§ **WORK ITEM**: Once you find the line that contains "Cleguer - 4-Room", transcribe it and each line after it through the end of the listing, exactly as written.

§ **MATERIALS PROVIDED**:

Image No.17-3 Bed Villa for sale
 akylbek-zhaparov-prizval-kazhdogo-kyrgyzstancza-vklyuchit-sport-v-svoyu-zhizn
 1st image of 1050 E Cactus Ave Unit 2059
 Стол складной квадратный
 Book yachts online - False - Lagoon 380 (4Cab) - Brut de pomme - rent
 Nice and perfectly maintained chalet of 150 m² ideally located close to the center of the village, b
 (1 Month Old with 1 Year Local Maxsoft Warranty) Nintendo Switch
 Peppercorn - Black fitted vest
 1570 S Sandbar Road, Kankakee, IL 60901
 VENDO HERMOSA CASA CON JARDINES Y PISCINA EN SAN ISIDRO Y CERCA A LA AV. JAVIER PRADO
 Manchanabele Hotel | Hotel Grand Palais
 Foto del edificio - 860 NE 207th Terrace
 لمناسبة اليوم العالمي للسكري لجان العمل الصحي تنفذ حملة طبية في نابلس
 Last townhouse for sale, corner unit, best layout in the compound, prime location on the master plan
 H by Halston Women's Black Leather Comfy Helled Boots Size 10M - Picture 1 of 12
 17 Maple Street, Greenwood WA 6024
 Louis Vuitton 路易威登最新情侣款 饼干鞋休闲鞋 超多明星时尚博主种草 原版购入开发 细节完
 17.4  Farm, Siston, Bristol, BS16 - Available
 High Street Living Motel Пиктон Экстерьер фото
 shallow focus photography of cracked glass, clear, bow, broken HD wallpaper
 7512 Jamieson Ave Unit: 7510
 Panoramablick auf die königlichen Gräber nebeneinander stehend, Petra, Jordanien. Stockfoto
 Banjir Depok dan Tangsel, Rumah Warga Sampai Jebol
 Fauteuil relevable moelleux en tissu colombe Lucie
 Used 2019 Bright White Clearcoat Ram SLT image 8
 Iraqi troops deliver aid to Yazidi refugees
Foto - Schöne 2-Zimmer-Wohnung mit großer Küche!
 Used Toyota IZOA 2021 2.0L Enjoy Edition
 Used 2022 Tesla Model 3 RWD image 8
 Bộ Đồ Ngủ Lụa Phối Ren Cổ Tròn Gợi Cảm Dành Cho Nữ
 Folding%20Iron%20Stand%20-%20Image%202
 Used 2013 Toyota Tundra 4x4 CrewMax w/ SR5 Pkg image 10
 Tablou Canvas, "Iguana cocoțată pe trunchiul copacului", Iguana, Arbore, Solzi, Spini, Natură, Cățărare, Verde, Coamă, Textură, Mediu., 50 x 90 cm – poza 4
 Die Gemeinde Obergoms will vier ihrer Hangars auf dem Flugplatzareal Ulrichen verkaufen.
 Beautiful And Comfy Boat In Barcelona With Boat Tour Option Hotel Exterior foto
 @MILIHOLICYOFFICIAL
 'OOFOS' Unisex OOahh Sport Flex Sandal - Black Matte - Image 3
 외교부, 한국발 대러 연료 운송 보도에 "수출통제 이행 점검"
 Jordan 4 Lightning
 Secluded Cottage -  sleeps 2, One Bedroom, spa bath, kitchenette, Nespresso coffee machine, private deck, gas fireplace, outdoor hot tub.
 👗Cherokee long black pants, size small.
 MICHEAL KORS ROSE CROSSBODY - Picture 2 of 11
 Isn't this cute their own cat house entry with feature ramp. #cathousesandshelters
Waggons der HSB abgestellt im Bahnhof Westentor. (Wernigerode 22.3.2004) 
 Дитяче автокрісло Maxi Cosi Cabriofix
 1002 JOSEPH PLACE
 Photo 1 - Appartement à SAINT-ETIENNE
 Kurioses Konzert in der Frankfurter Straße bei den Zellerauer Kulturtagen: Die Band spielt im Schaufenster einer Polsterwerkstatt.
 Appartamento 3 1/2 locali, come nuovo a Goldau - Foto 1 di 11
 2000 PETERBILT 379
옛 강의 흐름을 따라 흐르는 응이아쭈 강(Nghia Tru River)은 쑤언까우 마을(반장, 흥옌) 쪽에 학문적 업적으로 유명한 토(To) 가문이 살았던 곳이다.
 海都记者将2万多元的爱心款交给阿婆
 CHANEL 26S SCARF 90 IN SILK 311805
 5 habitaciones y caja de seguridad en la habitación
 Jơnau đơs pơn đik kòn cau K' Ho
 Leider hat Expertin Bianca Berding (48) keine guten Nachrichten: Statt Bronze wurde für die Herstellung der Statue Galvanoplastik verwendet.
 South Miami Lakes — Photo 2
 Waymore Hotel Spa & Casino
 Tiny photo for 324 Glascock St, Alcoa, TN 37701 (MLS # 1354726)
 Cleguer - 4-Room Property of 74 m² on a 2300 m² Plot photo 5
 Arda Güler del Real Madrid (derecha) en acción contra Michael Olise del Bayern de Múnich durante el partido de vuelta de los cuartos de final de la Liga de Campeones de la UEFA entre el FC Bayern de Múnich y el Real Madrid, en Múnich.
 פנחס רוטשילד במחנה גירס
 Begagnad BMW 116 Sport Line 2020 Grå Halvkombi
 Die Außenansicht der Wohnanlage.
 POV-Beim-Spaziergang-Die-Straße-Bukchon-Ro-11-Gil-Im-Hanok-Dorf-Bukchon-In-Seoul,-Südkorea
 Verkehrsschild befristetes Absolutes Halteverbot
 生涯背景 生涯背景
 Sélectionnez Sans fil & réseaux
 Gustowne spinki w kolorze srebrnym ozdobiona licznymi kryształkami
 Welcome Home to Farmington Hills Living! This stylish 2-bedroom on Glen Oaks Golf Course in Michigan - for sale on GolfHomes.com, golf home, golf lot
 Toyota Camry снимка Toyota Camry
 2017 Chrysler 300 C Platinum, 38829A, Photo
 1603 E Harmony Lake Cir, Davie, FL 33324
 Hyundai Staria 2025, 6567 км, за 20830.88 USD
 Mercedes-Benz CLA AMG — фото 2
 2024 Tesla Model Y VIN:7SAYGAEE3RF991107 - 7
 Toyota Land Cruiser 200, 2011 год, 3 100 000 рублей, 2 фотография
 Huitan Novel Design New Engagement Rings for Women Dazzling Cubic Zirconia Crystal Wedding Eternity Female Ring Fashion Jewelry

§ **SOLUTION**:
 Cleguer - 4-Room Property of 74 m² on a 2300 m² Plot photo 5
 Arda Güler del Real Madrid (derecha) en acción contra Michael Olise del Bayern de Múnich durante el partido de vuelta de los cuartos de final de la Liga de Campeones de la UEFA entre el FC Bayern de Múnich y el Real Madrid, en Múnich.
 פנחס רוטשילד במחנה גירס
 Begagnad BMW 116 Sport Line 2020 Grå Halvkombi
 Die Außenansicht der Wohnanlage.
 POV-Beim-Spaziergang-Die-Straße-Bukchon-Ro-11-Gil-Im-Hanok-Dorf-Bukchon-In-Seoul,-Südkorea
 Verkehrsschild befristetes Absolutes Halteverbot
 生涯背景 生涯背景
 Sélectionnez Sans fil & réseaux
 Gustowne spinki w kolorze srebrnym ozdobiona licznymi kryształkami
 Welcome Home to Farmington Hills Living! This stylish 2-bedroom on Glen Oaks Golf Course in Michigan - for sale on GolfHomes.com, golf home, golf lot
 Toyota Camry снимка Toyota Camry
 2017 Chrysler 300 C Platinum, 38829A, Photo
 1603 E Harmony Lake Cir, Davie, FL 33324
 Hyundai Staria 2025, 6567 км, за 20830.88 USD
 Mercedes-Benz CLA AMG — фото 2
 2024 Tesla Model Y VIN:7SAYGAEE3RF991107 - 7
 Toyota Land Cruiser 200, 2011 год, 3 100 000 рублей, 2 фотография
 Huitan Novel Design New Engagement Rings for Women Dazzling Cubic Zirconia Crystal Wedding Eternity Female Ring Fashion Jewelry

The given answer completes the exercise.